This guide includes general developer documentation for DINA modules. Topics that are more related to the DINA system as a whole are covered in local-deployment documentation. Documentation about modules implementation is in dina-base-api
UI development documentation (including the UI design guidelines) is covered in the dina-ui documentation.
1. API Specifications
2. High Level Architecture
3. High Level Design
4. IDE Setup
DINA Java-based projects are using Lombok, which may require additional setup in your IDE: IDE setup guides.
5. Keycloak
5.1. Groups
Groups are used to represent ownership access. A user can be in groups like group-1
, group-2
, etc, which would let them access certain collections and data sets but not others.
This could be done by checking the metadata of the particular item the user is trying to access against their group membership. New groups could be added without having to recompile or edit the configuration
of the deployment.
If you are planning to use the object-store, make sure the group names are following s3 bucket naming rules |
5.2. Roles per group
Roles per group are not directly supported by Keycloak. Groups are mostly used to assign a set of Roles to users inside a group. For example, a user with the role "Super User" could be in 2 groups group-1
and group-2
but we would have no way to restrict to role to a certain group so the user would be a "Super User" in both groups. Creating very specific roles like “Group 1 Super User” is not really an option since it
would make the implementation quite complex in all the modules.

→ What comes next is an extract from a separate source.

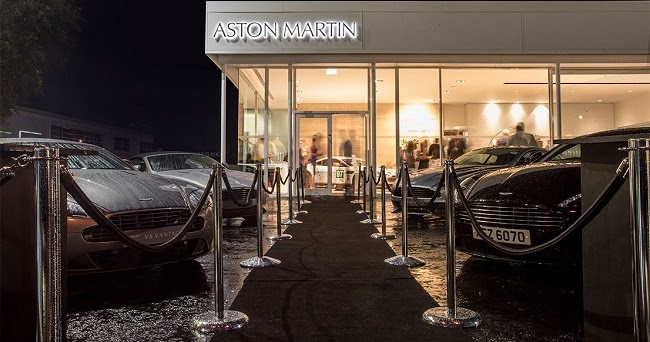 Aston Martin Belfast Opens Doors To New Facility Carsfresh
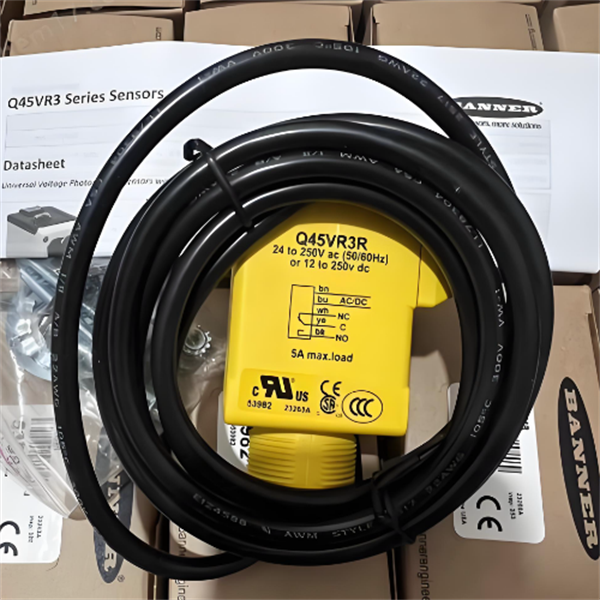 BANNER邦納Q20系列工業(yè)級光電傳感器Q20NRQ7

Since Keycloak supports subgroups, we can have subgroups like /group-1/super-user
(subgroup of group-1
) and use that to determine access in group-specific situations. It breaks away somewhat from the conceptual
separation of using roles for functional access and groups for ownership, but it still represents a functional solution that mixes both concepts.
Groups, including subgroups, can also have role mappings, which assign a specified role to all members of a group. As an example, a group-admin role which would be role-mapped to each of the …/admins groups.
That would let us use the native role-based features of Spring Security as an initial check, then verify in code that the user belongs to the correct admin subgroup for whatever they’re trying to do.
5.3. User Attributes
User attributes can be set using the Keycloak console. They will be returned in the Keycloak token so the services and user interface can use it.
agentId
: UUID of the person in the agent module to allow all the modules to be aware of the agent identifier that represents the authenticated users.
5.4. Group Attributes
Group attributes can be set using the Keycloak console. They will be returned by the user module.
groupLabel-en
: label to display the group label by language (specified in the suffix with 2 letters ISO code)
6. DINA APIs
DINA modules provide a REST API that conforms to the JSON:API specification. DINA Web API Guidelines provides a more specific context and includes some design decisions.
6.1. Sparse field selection
You can limit which fields are included in a response using the fields.
Listing regions with "name" and "description" as the only included fields:
/api/region?fields[region]=name,description
6.2. Filtering
6.2.1. Simple Filters
While JSON:API does not suggest a formal resource filtering mechanism, DINA is using a simple form of filtering based on filter, operator and value.
GET /person?filter[firstName][EQ]=John&filter[lastName][EQ]=Doe
Get the persons where the firstName is John OR Jane
GET /person?filter[firstName][EQ]=John,Jane
Get the persons where the lastName is null
GET /person?filter[lastName][EQ]=null
Example of returning all derivitives of the metadata with UUID 44b62cbc-5e7f-4e68-86d2-2819e3f5e9e7:
GET /metadata?filter[acDerivedFrom.id][EQ]=44b62cbc-5e7f-4e68-86d2-2819e3f5e9e7
Supported operators:
-
EQ
-
NEQ
-
GT (for numbers and dates)
-
GE (for numbers and dates)
-
LT (for numbers and dates)
-
LE (for numbers and dates)
Implementation details can be found on dina-base documentation.
6.2.2. RSQL
DINA supports RSQL (REST query language) for more complex filter queries.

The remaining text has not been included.